## Work to be completed
Take the lines below between the one holding "Young woman pointing" and the one holding "Jeune femme japonaise", inclusive, and copy them exactly. Add nothing.

## Extracted information
----

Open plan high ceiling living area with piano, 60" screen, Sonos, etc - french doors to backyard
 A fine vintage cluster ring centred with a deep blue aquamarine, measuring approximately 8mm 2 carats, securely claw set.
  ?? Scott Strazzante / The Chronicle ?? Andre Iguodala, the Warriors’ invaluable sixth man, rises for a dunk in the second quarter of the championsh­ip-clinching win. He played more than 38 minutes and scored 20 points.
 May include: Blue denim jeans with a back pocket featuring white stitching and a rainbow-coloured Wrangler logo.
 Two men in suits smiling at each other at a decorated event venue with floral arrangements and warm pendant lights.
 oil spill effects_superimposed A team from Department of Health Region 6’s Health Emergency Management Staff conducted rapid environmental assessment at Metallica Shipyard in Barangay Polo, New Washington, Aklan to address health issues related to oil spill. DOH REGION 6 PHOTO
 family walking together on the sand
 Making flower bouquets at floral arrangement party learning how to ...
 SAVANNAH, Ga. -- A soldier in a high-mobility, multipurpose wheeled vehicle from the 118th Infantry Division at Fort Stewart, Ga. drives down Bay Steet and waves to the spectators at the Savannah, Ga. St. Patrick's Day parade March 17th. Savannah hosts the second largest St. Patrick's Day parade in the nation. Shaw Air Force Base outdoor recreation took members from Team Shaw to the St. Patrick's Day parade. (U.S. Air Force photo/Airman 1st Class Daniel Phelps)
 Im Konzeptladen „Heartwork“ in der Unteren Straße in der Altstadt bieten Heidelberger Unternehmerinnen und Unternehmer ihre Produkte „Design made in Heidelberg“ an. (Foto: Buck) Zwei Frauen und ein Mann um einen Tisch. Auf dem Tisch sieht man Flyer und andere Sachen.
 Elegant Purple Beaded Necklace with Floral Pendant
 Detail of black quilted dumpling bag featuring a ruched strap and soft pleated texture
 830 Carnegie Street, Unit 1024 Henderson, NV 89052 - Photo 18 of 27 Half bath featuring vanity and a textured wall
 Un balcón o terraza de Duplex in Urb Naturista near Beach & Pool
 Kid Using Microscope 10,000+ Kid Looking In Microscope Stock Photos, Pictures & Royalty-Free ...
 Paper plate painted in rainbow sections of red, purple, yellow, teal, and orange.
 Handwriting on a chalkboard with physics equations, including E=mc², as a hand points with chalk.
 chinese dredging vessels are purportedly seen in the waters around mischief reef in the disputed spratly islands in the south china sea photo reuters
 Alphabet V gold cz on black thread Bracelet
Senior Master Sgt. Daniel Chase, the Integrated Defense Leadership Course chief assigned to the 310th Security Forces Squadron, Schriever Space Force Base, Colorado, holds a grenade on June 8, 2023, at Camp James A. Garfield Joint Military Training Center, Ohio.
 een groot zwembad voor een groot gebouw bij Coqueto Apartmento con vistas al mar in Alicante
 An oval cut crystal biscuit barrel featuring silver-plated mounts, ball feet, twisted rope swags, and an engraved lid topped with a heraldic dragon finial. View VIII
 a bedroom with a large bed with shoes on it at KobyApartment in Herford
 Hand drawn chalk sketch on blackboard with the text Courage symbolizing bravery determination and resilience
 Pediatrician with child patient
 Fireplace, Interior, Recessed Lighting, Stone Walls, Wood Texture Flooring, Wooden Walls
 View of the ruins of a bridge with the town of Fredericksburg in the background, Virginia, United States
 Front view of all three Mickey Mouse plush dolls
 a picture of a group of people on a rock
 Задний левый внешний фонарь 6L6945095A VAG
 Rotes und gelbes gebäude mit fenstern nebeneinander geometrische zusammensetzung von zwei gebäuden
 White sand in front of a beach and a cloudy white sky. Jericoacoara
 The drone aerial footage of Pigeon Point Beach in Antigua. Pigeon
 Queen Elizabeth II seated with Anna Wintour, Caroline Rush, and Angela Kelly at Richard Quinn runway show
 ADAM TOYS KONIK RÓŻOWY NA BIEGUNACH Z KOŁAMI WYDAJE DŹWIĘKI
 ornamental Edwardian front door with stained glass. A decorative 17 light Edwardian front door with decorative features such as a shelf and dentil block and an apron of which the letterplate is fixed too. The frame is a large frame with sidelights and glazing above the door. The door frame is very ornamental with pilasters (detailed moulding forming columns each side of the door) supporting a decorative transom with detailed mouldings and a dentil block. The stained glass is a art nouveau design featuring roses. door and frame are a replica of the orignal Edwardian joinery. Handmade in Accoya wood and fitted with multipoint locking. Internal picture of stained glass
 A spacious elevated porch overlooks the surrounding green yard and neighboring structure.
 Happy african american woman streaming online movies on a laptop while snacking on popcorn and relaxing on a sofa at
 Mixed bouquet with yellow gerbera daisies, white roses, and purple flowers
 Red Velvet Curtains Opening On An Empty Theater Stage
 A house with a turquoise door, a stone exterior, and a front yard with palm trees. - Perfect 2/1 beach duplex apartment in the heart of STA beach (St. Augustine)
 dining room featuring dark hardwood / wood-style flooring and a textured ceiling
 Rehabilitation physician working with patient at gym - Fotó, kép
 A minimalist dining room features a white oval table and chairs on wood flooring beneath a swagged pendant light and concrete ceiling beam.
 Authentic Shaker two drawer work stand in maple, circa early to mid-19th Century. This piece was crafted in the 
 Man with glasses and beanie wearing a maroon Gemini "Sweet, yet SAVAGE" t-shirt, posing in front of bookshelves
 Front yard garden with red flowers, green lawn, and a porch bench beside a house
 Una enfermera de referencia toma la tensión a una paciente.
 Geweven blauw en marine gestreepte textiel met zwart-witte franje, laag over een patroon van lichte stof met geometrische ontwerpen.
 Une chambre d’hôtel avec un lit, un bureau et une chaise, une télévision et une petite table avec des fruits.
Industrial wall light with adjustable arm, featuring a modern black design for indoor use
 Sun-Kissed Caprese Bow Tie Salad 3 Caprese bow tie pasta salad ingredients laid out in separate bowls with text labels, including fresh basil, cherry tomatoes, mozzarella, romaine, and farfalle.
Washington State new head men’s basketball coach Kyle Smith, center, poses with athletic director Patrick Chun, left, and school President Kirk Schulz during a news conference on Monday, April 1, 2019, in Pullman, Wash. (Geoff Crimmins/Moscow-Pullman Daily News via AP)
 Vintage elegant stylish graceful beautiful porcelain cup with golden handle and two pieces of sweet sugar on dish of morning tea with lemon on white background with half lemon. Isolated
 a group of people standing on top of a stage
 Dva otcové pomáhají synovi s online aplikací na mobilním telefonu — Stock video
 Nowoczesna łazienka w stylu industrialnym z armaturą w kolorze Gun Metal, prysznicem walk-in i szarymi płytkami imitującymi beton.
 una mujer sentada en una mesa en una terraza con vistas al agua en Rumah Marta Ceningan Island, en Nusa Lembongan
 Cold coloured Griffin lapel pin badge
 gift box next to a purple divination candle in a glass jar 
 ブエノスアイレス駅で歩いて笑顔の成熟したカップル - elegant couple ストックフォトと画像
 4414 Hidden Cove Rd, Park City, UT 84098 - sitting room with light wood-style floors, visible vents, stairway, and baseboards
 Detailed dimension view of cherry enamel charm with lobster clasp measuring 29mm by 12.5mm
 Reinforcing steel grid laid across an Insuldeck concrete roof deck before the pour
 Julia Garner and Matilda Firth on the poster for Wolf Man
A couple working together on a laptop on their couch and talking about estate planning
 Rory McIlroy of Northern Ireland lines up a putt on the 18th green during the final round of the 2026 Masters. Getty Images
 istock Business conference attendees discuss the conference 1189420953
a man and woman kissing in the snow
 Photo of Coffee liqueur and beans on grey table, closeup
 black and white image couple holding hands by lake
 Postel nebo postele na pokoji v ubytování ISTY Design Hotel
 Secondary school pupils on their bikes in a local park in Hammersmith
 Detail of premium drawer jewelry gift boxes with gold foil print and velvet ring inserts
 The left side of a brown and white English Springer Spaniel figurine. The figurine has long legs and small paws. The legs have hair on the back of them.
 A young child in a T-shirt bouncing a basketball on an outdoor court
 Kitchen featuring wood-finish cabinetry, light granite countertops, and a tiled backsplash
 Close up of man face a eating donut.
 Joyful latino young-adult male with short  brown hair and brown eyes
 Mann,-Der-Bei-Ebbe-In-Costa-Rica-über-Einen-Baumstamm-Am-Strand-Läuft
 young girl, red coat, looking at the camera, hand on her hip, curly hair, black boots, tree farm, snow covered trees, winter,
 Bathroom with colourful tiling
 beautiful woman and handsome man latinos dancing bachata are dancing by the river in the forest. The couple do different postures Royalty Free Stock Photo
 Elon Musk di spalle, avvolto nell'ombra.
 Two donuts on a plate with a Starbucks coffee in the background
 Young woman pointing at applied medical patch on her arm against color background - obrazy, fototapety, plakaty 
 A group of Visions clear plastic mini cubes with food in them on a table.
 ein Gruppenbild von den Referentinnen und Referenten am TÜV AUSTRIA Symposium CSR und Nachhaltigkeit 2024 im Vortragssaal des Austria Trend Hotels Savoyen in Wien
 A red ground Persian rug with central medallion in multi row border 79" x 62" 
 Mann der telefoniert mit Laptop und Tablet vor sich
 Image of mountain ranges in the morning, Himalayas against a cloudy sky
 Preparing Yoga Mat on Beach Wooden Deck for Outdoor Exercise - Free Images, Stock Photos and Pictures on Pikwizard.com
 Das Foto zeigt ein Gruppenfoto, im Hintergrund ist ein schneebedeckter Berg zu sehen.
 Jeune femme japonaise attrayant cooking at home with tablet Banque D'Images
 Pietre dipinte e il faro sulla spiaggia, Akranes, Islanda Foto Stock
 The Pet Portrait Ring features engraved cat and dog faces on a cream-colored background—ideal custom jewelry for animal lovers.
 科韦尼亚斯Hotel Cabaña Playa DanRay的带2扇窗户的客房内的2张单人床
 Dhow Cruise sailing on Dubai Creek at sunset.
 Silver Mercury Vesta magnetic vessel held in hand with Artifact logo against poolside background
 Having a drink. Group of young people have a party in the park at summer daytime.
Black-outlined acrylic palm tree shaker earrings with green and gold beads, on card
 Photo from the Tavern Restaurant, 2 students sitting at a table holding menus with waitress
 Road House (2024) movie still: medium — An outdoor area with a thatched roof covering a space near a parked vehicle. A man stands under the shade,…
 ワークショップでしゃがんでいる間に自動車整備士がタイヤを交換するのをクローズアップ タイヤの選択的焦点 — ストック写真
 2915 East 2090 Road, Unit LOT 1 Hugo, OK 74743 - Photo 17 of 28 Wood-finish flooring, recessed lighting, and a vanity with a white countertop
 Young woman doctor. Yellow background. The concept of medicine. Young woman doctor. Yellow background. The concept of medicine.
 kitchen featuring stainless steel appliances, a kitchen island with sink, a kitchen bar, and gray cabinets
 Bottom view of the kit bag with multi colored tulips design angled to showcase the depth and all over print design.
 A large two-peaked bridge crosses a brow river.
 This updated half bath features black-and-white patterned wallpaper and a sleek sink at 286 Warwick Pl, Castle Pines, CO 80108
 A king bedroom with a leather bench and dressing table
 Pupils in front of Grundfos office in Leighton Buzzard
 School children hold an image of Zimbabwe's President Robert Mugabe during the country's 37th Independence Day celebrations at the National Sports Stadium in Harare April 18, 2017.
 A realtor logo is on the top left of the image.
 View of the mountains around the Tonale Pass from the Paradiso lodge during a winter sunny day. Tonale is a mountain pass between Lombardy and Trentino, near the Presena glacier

----

## Solution
 Young woman pointing at applied medical patch on her arm against color background - obrazy, fototapety, plakaty 
 A group of Visions clear plastic mini cubes with food in them on a table.
 ein Gruppenbild von den Referentinnen und Referenten am TÜV AUSTRIA Symposium CSR und Nachhaltigkeit 2024 im Vortragssaal des Austria Trend Hotels Savoyen in Wien
 A red ground Persian rug with central medallion in multi row border 79" x 62" 
 Mann der telefoniert mit Laptop und Tablet vor sich
 Image of mountain ranges in the morning, Himalayas against a cloudy sky
 Preparing Yoga Mat on Beach Wooden Deck for Outdoor Exercise - Free Images, Stock Photos and Pictures on Pikwizard.com
 Das Foto zeigt ein Gruppenfoto, im Hintergrund ist ein schneebedeckter Berg zu sehen.
 Jeune femme japonaise attrayant cooking at home with tablet Banque D'Images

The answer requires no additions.